Seine Produktionsgeschwindigkeit war immer hoch. 1995 produzierte er sechs Alben, 1996 fünfzehn, 1997 neun und 1998 sechzehn. Nach seinem Tod veröffentlichten die diversen Labels, mit denen er zusammengearbeitet hatte, unveröffentlichtes Material und brachten vergriffene Alben neu heraus, sodass 1999 22 neue bzw. wiederveröffentlichte Alben erschienen.
Muslimgauze mochte Liveauftritte nicht und wurde auch selten zu welchen eingeladen. Er vertrat immer die Meinung, dass ihm die Zeit fehle, anderer Leute Musik zu spielen, aber in einem Interview gab er einmal an, traditionelle Musik aus Japan, dem Nahen Osten und Indien zu mögen, wie auch die Werke von Gruppen wie Can, Throbbing Gristle, Wire und Faust. Niemals jedoch vertraute er Fremden, wenn es um das Abmischen seiner Musik ging.

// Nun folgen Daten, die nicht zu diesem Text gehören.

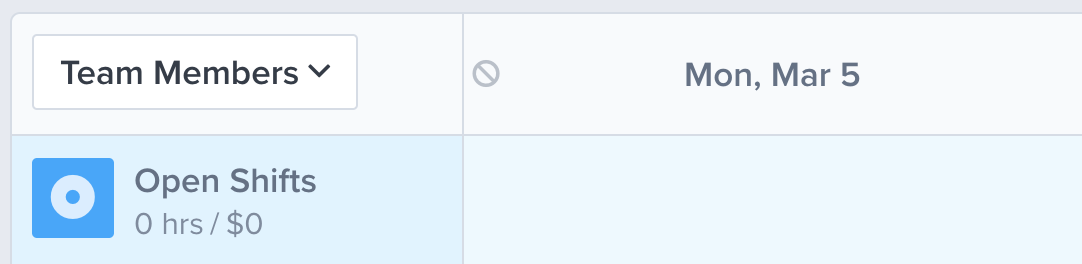 using open shifts zoomshift help docs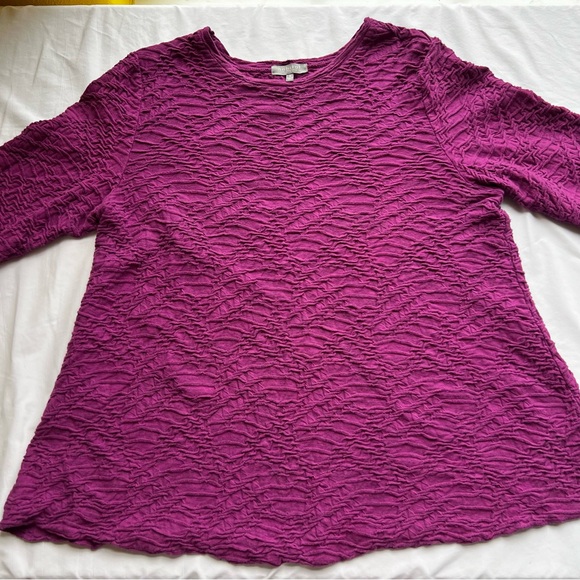 Habitat Textured Pullover Long Sleeve Draped Cotton Blend Top Tunic Size Medium - Picture 11 of 15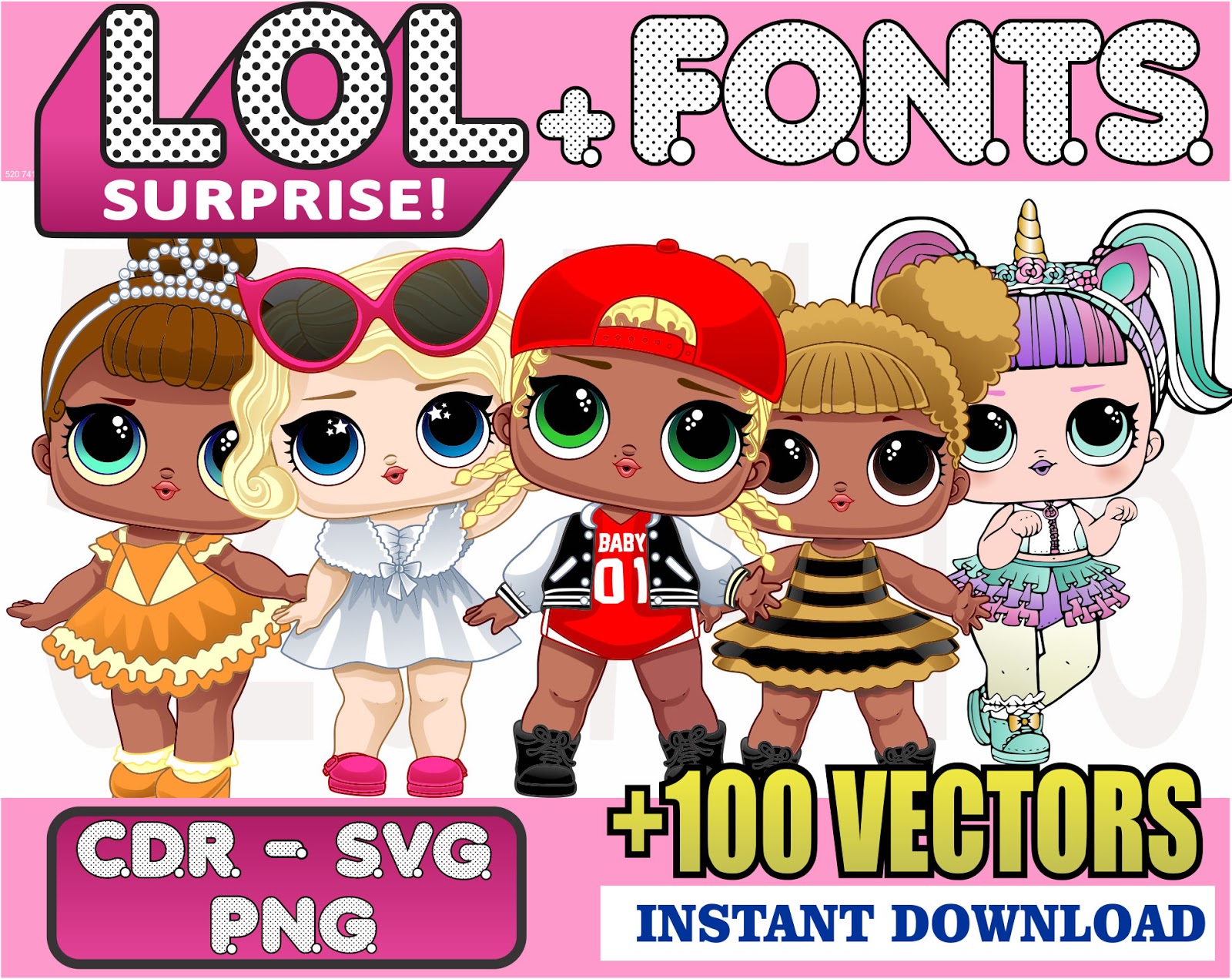 100 LOL Surprise Doll Vectors In CDR, PNG And SVG Instant Download ...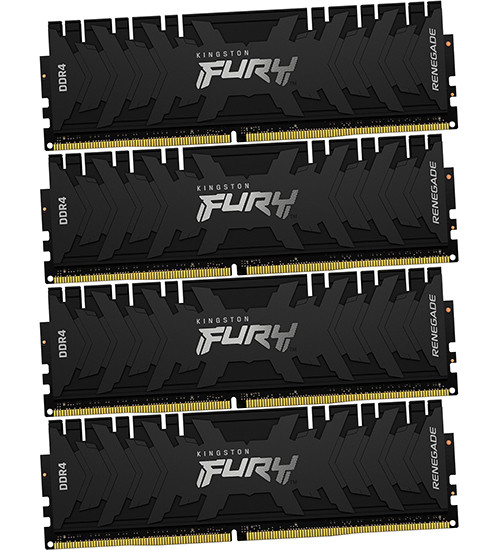 Комплект модулей памяти Kingston Fury Renegade, KF436C18RBK4/128, DDR4, 128 GB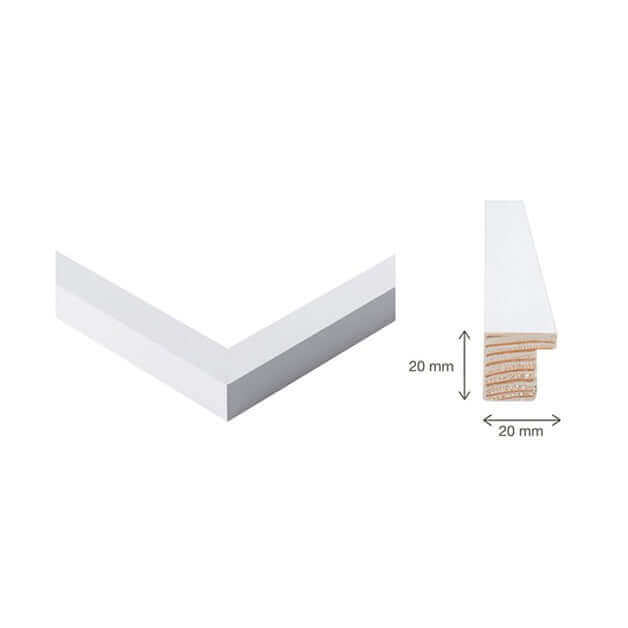 Manufaktur Holz Rahmen Weiß-famprints-Bilderrahmen-Der Manufaktur Holz Bilderrahmen in weiß wird nach deiner Bestellung speziell für dich angefertigt. In der hauseigenen Manufaktur wird unter höchsten Qualitätsstandards ein ganz besonderer Bilderrahmen he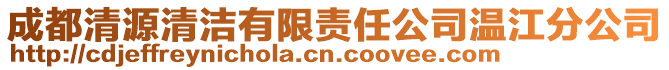 成都清源清潔有限責任公司溫江分公司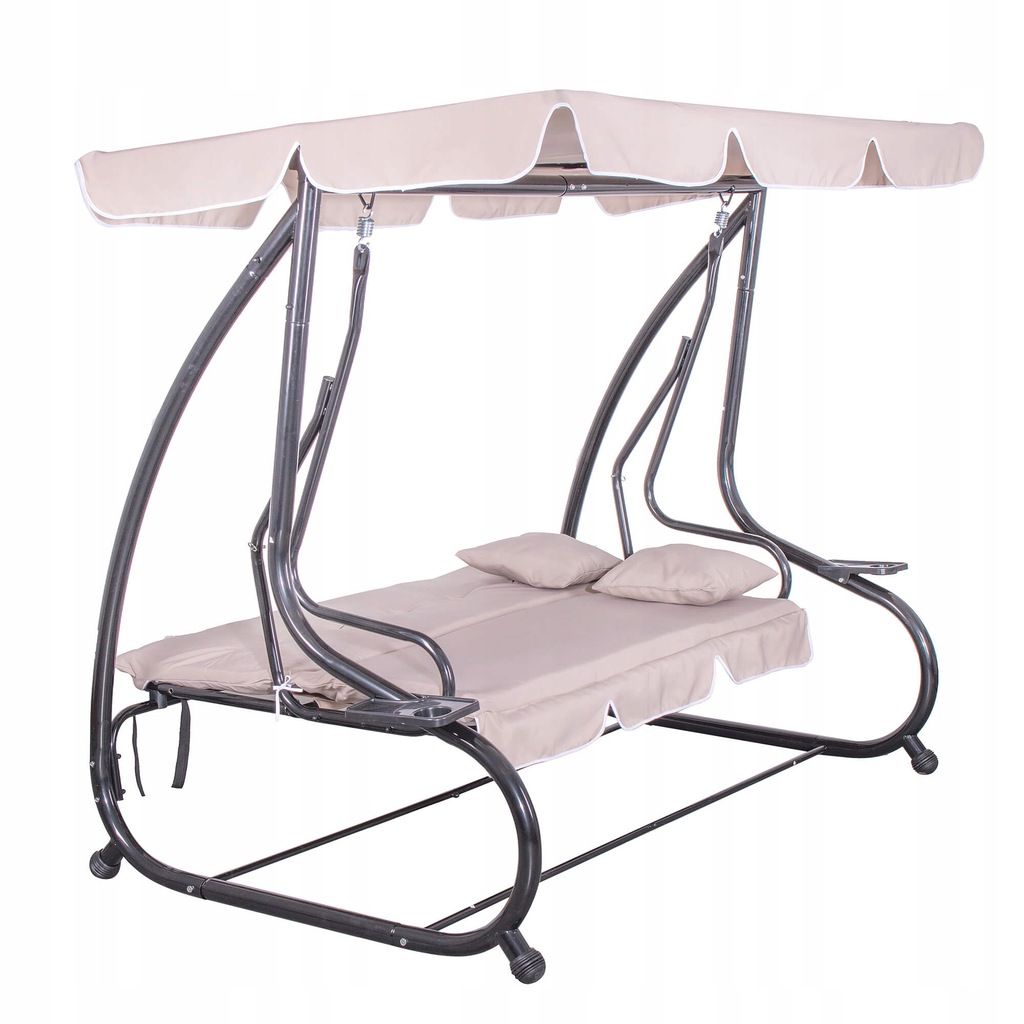 Гойдалка садова Springos Venezia з навісом 163x193 см (GS0006) - фото 2 Гойдалка садова Springos Venezia з навісом 163x193 см (GS0006) - фото 2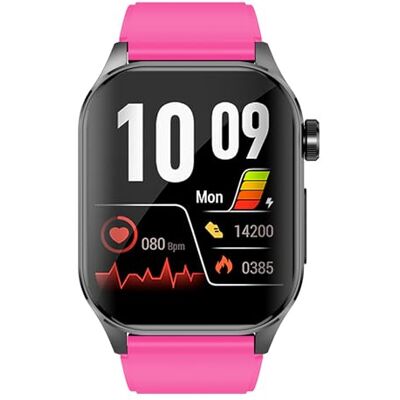 Knauermann Negro – Reloj Sanitario Inteligente con función telefónica – sensores OSRAM – función ECG + HRV – BT Bluetooth – apnea del sueño – presión Arterial – Correa de Silicona, Knauermann Negro – Reloj Sanitario Inteligente con función telefónica – sensores OSRAM – función ECG + HRV – BT Bluetooth – apnea del sueño – presión Arterial – Correa de Silicona,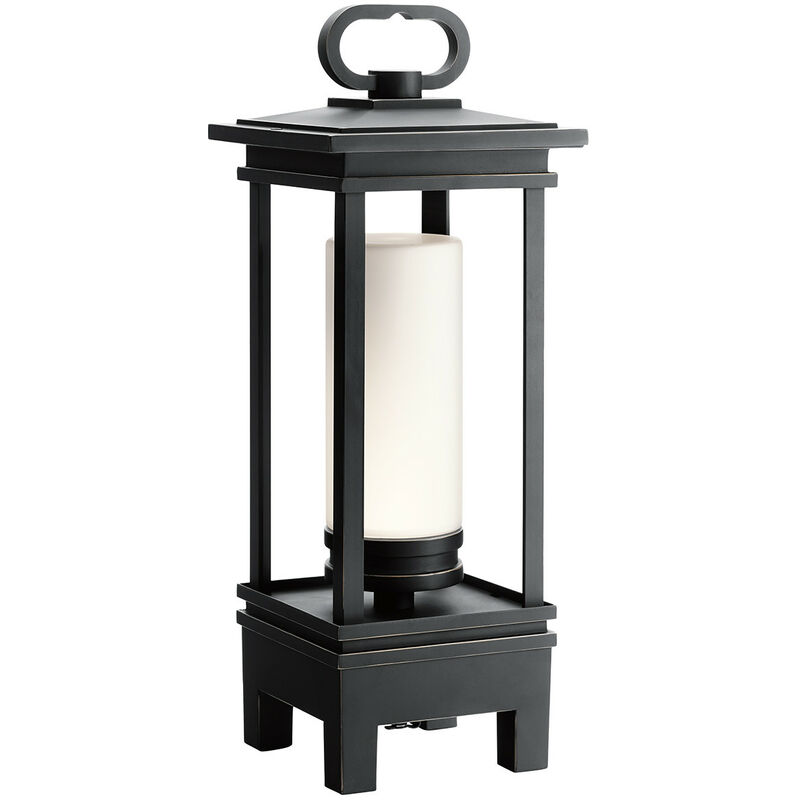 South Hope Integrated led Outdoor Portable Bluetooth Speaker Lantern, uk Plug, Rubbed Bronze, IP44 - Elstead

Man könnte zu der Annahme neigen, dass die ganze Sache mit der Politik und den arabischen Ländern ein etwas skurriler Marketinggag war. Dafür gibt es aber keine Anhaltspunkte. Muslimgauze scheint persönlich eher scheu gewesen zu sein. Seine politische Position war vielleicht einseitig oder auch naiv, aber sie wurde von ihm konsequent und klar vertreten. Es gibt keine Anzeichen dafür, dass sein Engagement in den arabischen Ländern einer breiteren Öffentlichkeit bekannt geworden wäre.
Am Mittwoch, der 30. Dezember 1998 wurde Bryn Jones mit einer unbekannten Erkrankung notfallmäßig in ein Krankenhaus in Manchester eingeliefert. Es stellte sich heraus, dass er an einer seltenen Pilzerkrankung litt. Die Behandlung blieb ohne Erfolg, die Organfunktionen versagten und er verstarb am 14. Januar 1999 um 22:50 GMT.
Wegen des ausserordentlichen Umfangs der Veröffentlichungen von Muslimgauze wird auf eine Discografie hier verzichtet. Ausführliche Informationen hierzu [1].
Zitate von Muslimgauze
"Sie mögen vielleicht Wodka. Ich mag arabische Kultur."
"Ich bin nicht religiös. Das bringt nur Ärger. Wenn andere Leute glauben, ist das deren Sache, für mich ist das nichts."
(auf die Frage nach Resonanz auf die Musik in den arabischen Ländern) "Null. Keine. Aber wir erwarten auch keine. Das ist nicht wichtig."